> [DATA TO PROCESS]
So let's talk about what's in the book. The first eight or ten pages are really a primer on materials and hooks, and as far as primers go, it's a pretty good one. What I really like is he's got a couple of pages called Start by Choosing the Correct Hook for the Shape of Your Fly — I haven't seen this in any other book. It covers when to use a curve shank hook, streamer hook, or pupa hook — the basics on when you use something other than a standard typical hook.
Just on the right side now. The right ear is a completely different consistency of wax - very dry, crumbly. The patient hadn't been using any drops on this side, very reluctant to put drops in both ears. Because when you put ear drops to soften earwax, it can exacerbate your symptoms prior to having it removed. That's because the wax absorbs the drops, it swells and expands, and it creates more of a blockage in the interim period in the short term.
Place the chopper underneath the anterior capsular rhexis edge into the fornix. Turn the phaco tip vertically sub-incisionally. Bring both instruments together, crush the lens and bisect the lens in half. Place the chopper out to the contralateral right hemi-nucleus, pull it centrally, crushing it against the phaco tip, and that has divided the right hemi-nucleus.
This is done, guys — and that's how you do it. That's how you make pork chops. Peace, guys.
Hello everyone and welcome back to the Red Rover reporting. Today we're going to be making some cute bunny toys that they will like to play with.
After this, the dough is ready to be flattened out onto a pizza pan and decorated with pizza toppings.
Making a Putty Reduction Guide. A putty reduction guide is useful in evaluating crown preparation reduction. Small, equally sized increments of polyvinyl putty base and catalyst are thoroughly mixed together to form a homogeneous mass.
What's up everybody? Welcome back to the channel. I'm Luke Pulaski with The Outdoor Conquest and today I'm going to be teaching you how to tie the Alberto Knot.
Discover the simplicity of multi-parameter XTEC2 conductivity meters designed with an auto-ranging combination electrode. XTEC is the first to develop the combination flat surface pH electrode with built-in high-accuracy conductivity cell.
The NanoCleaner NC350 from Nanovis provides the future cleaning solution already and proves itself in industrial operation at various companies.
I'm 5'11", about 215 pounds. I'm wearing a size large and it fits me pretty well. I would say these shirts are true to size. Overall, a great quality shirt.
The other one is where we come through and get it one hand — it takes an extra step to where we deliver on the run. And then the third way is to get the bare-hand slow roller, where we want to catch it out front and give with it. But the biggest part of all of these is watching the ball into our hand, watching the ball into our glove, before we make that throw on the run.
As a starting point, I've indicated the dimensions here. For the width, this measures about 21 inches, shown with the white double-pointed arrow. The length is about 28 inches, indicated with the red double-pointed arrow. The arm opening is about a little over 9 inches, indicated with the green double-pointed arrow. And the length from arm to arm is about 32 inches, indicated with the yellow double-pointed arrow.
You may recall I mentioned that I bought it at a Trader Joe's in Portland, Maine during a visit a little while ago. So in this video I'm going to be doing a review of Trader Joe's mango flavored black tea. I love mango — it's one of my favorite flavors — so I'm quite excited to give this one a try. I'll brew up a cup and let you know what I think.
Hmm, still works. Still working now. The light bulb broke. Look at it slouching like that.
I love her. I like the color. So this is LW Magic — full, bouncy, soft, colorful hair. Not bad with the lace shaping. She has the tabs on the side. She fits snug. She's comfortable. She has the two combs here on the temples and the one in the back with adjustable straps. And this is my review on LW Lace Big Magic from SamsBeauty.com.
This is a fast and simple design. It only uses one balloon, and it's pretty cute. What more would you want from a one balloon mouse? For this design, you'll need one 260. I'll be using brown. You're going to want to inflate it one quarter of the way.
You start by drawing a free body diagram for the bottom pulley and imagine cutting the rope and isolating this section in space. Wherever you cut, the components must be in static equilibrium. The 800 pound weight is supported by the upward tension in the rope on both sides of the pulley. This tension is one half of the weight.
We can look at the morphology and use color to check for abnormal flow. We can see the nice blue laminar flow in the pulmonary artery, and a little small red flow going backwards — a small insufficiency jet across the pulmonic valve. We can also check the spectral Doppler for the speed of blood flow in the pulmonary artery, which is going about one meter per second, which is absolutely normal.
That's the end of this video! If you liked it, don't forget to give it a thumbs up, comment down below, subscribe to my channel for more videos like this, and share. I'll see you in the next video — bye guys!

> [ACTIVITY] Give an exact copy of every line from the one holding "This is a fast" through the end of the records, both included, and no other lines.

> [WRITTEN RESPONSE]
This is a fast and simple design. It only uses one balloon, and it's pretty cute. What more would you want from a one balloon mouse? For this design, you'll need one 260. I'll be using brown. You're going to want to inflate it one quarter of the way.
You start by drawing a free body diagram for the bottom pulley and imagine cutting the rope and isolating this section in space. Wherever you cut, the components must be in static equilibrium. The 800 pound weight is supported by the upward tension in the rope on both sides of the pulley. This tension is one half of the weight.
We can look at the morphology and use color to check for abnormal flow. We can see the nice blue laminar flow in the pulmonary artery, and a little small red flow going backwards — a small insufficiency jet across the pulmonic valve. We can also check the spectral Doppler for the speed of blood flow in the pulmonary artery, which is going about one meter per second, which is absolutely normal.
That's the end of this video! If you liked it, don't forget to give it a thumbs up, comment down below, subscribe to my channel for more videos like this, and share. I'll see you in the next video — bye guys!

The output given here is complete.